Y esto advertido dije a Ramón Peñica y al Negro Manuel que fueran a matarlo. Y ellos subieron con sus ballestas armados por donde se había perdido y en llegando arriba le mandaron virotes ferrados de los que, aunque ya iba lejos, murió. Y con esto nos quedamos otra vez sin guía porque así lo dispuso Dios Nuestro Señor que bien sabía que no lo necesitaríamos para lo que había de venir.
Y esto fue que a otro día de mañana dieron sobre nosotros, con grande grita y retumbar de hierros sobre los escudos, una recia batalla de más de cien negros que habían estado acechando nuestro paso por cierto rio mediano. Y, en viéndolos llegar, luego nos pusimos en defensa concertadamente y los ballesteros armaron a toda prisa sus ballestas y les tiraron a los que más emplumados y vociferantes venían, como tenían enseñado de otras veces, y éstos murieron, mas detrás de ellos venían gran muchedumbre y fiera que no cejaba y aún dio tiempo a hacer otras dos cargas de virotes antes de que en llegando los enemigos a tiro de sus venablos lanzaran muy derechamente sus agudos hierros y mataran a los míos.

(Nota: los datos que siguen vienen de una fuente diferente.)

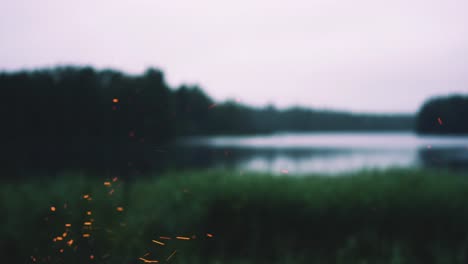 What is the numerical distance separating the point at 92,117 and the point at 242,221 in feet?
62.0

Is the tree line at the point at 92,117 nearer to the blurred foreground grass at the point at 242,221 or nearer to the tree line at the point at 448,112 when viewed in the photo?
the blurred foreground grass at the point at 242,221

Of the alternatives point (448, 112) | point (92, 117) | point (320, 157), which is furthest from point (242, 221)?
point (320, 157)

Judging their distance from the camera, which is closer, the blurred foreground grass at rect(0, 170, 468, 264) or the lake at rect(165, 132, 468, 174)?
the blurred foreground grass at rect(0, 170, 468, 264)

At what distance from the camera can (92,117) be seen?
24797 millimetres

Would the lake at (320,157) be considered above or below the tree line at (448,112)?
below

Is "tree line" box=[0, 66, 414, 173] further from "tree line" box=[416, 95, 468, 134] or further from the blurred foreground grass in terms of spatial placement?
"tree line" box=[416, 95, 468, 134]

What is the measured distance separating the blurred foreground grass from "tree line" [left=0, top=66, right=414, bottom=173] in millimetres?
3107

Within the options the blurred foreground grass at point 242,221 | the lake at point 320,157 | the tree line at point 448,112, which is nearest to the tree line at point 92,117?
the lake at point 320,157

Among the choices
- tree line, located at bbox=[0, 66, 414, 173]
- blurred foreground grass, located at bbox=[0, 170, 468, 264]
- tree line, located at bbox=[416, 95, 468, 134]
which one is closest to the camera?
blurred foreground grass, located at bbox=[0, 170, 468, 264]

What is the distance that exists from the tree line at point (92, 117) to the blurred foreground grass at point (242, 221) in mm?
3107

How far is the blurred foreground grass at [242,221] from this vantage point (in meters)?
7.40

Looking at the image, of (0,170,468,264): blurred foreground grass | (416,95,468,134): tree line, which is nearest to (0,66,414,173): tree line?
(0,170,468,264): blurred foreground grass

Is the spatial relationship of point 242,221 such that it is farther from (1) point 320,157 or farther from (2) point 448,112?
(1) point 320,157

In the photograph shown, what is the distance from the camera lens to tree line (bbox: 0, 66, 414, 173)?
43.1 feet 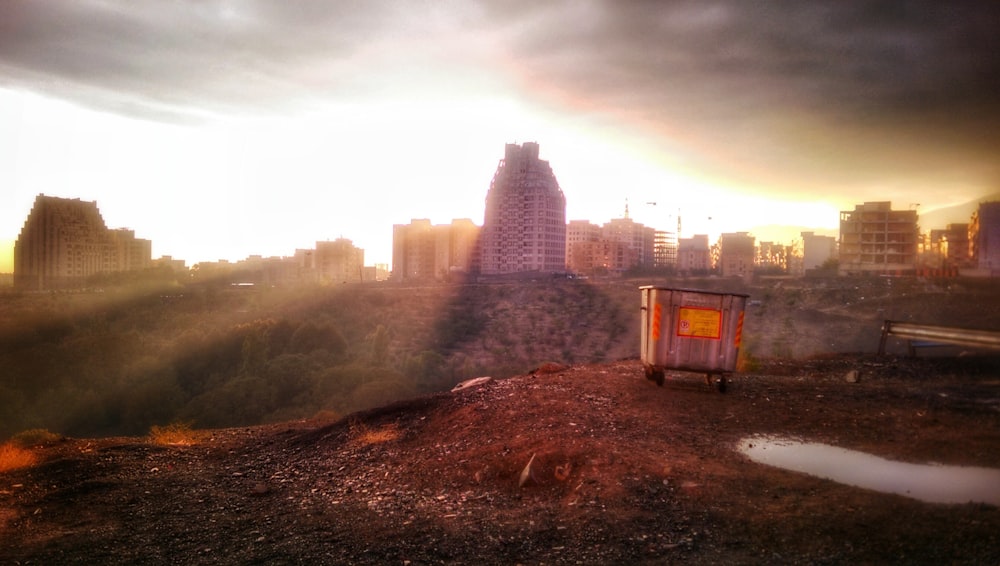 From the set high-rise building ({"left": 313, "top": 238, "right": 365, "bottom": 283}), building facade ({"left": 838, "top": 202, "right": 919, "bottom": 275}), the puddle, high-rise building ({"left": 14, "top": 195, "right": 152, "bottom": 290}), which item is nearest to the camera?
the puddle

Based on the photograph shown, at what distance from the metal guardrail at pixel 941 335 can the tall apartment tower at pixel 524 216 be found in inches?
2474

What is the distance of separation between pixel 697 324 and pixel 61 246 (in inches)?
2492

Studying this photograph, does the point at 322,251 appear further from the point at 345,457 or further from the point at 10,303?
the point at 345,457

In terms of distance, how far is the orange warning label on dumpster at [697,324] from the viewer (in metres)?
10.8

Y de éstos cayó a mi lado, mirándome desacompasadamente, aquel Ramón Peñica que tan bueno era, con más de diez venablos que le entraban por el pecho y le salían por las espaldas, chorreando sangre como un San Sebastián. Y a Andrés de Premió no le pude ver más la cara, que habiendo recibido algunos hierros cuando aún estaba en medio del río, la corriente se lo llevaba, hundida la cabeza, y con él al de Villalfañe y su trompeta y a otros dos, con los que el agua bajaba tinta y bermeja de la mucha sangre que manaban. Y con esto yo, que tenía el cuchillo en la mano, me vi rodeado de negros con muy fieras caras pintadas de albayalde y embrazados en las adargas blancas y dejando ver muchas lanzas cortas y venablos y mazas de hierro. Y sintiendo que ya no cabía servir al Rey nuestro señor más que muriendo dignamente y como hombre bueno, quise irme contra ellos para acabar allí, mas alguno avisado me dio un planazo en la mano y me desarmó y otros me cautivaron y prendieron y fuertemente me ataron. Y luego tomaron los despojos de los muertos y me llevaron con el Negro Manuel, que también lo habían apresado, al real de los negros, y corrían delante haciendo grandes fiestas y danzas de la alegría que nuestro prendimiento les daba. Con lo que nos fuimos barruntando que tenían habla de nosotros y que habían salido a buscarnos.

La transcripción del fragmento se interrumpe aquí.